While working on his 2022 documentary series Benjamin Franklin, Ken Burns had lunch in Washington, D.C., with Walter Isaacson, a fellow chronicler of history’s great geniuses (and Franklin biographer). Isaacson, also a professor at Tulane University and former editor of Time magazine, had just interviewed Burns about the Founding Father but was eager to turn talk to another innovator: Leonardo da Vinci. Isaacson insisted that it was time for Burns to make a film about the Renaissance polymath, whom Isaacson had written a book on in 2017.

It took some convincing, but Burns, who up until that point had only made documentaries about American subjects—covering everything from Mark Twain and the Civil War to the American buffalo and country music—finally gave in to his friend’s appeal. The astounding result is Burns’s latest film, Leonardo da Vinci, which he co-directed with his daughter Sarah Burns and her husband, David McMahon.

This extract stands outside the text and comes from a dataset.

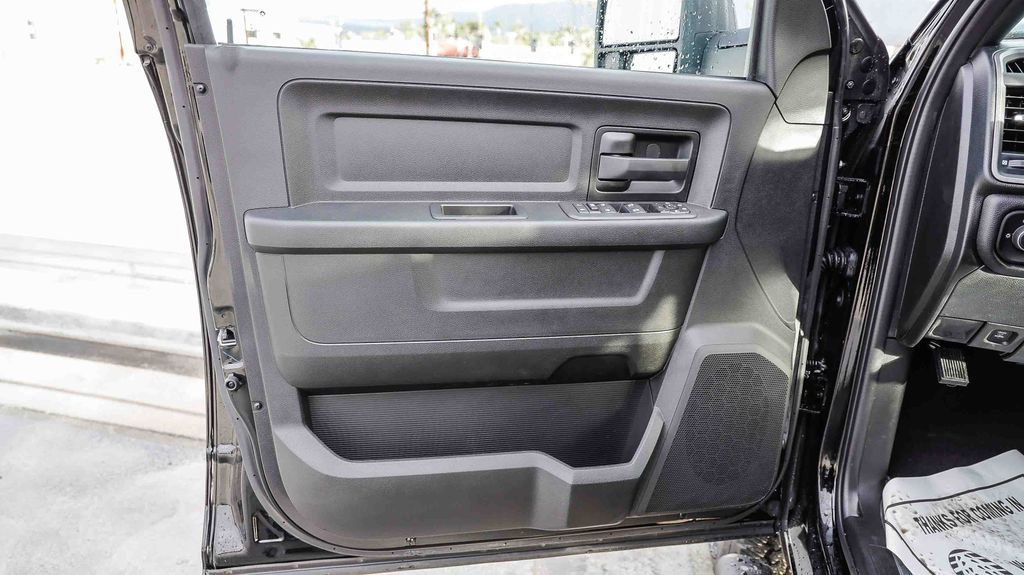 New 2026 RAM 2500 Tradesman AWD/4WD image 24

Last Wednesday evening, at AIR MAIL’s latest Night at the Newsstand, Isaacson sat with Burns again, this time onstage, and explained that he felt so strongly about Burns following Franklin with Leonardo because both men “knew everything you could know, about every subject that was knowable.”

Wednesday evening’s conversation was driven by fluent praise of Leonardo’s singular, astonishing greatness and, five centuries after his death, his trailblazing embrace of the scientific method, remarkable understanding of anatomy, and extensive notebooks containing studies of flying machines and dentistry—not to mention his paintings, two of which (Mona Lisa and The Last Supper) are arguably the finest ever produced.

The mood among attendees was one of reverence: here were two authorities on the subject holding forth on their shared fascination, with eloquence and wonder in equal measure. Actors Christine Baranski and Tony Danza sat enthralled, and at the end of the talk Danza offered a comment about Leonardo’s state of mind in his final years.

There was a strong turnout from the literary crowd, from agent Binky Urban and her husband, Ken Auletta, to editors Thomas Beller, Carl Swanson, and David Friend; writers Josh Duboff and Molly Jong-Fast; and AIR MAIL contributors George Kalogerakis, Michael Hainey, and Sam Kashner. (One guest was heard wondering, hopefully in jest, if the evening’s talk would have anything to do with The Da Vinci Code: “Where the hell is Dan Brown?”)

Also in attendance were illustrator Ed Sorel, Oscar-nominated filmmaker and Burns associate Buddy Squires, and the Better Angels Society C.E.O. Katherine Malone-France, plus Snap Inc. chairman Michael Lynton and AIR MAIL Co-Editor Alessandra Stanley.

Conspicuously absent from the event was Leonardo himself, who, according to Burns, would adapt better than most if he were hurtled 500 years into the future. Isaacson was quick to point out that, in a way, he sort of has: “We may not have da Vinci, but we do have Ken Burns.”